### MATERIAL TO PROCESS
◆ ◆ ◆ ◆
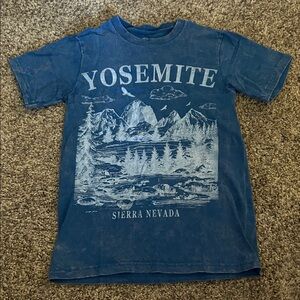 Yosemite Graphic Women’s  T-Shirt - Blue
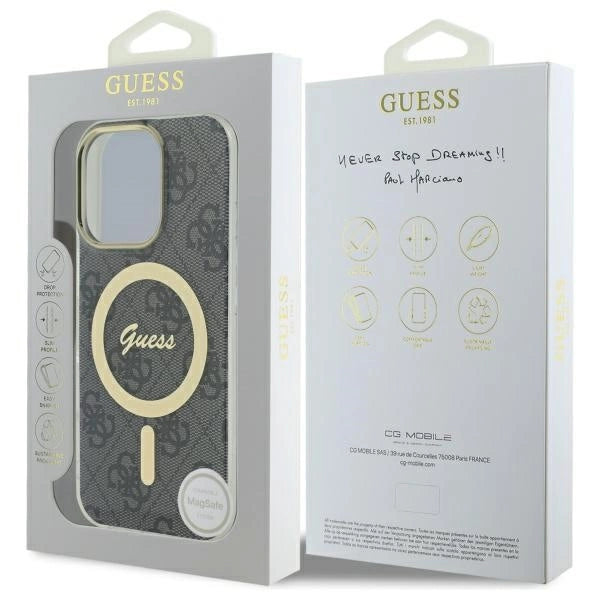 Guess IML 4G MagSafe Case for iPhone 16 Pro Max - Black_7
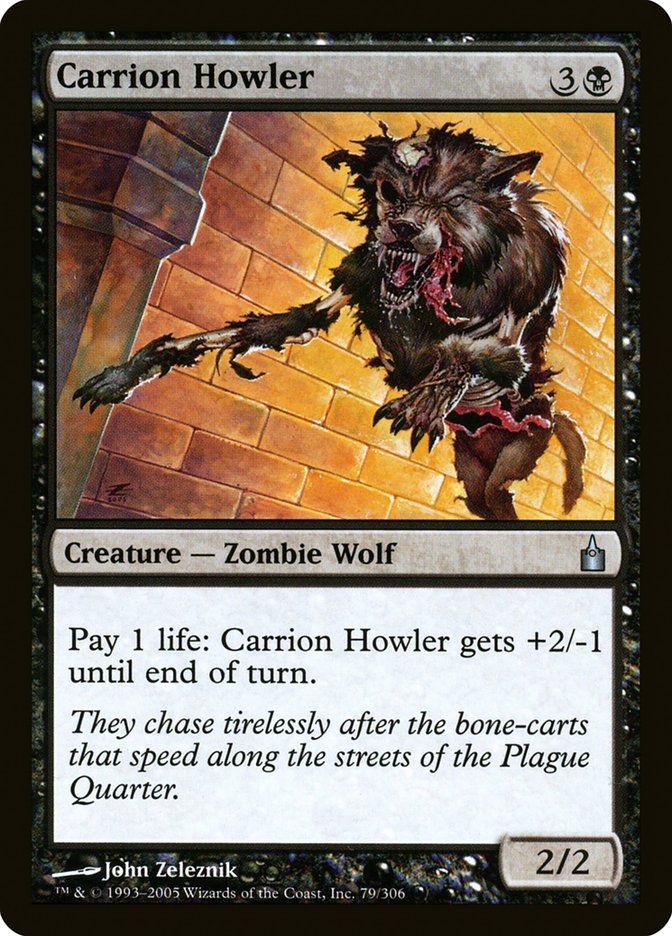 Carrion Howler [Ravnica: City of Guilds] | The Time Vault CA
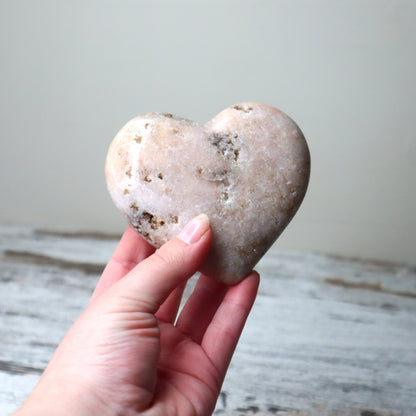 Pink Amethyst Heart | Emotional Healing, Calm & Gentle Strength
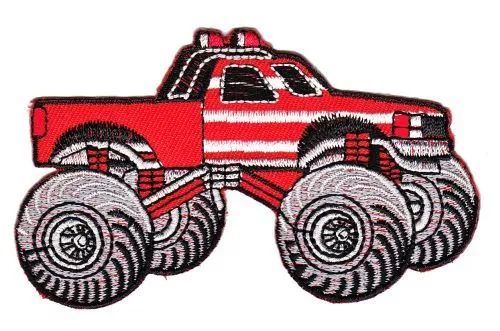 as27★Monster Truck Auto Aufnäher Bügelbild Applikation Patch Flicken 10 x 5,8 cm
◆ ◆ ◆ ◆
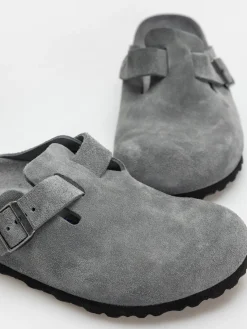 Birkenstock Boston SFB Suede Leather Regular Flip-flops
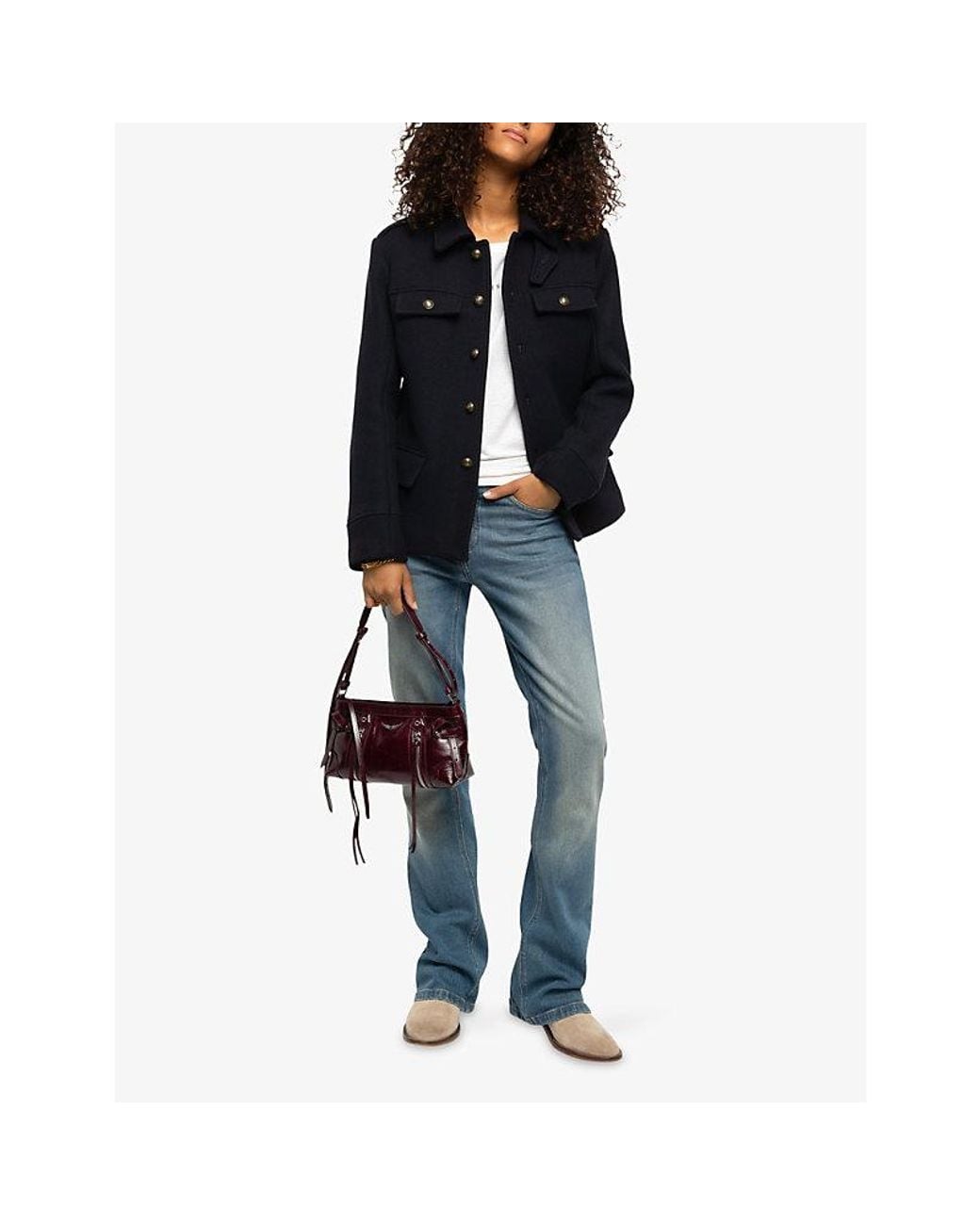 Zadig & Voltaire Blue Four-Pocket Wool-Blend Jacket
◆ ◆ ◆ ◆
### BRIEF
Reproduce word for word, with pictures dropped, only the part of the material above that opens with the line containing "Carrion Howler [Ravnica: City" and closes with the line containing "as27★Monster Truck Auto".

### YOUR SOLUTION
 Carrion Howler [Ravnica: City of Guilds] | The Time Vault CA
 Pink Amethyst Heart | Emotional Healing, Calm & Gentle Strength
 as27★Monster Truck Auto Aufnäher Bügelbild Applikation Patch Flicken 10 x 5,8 cm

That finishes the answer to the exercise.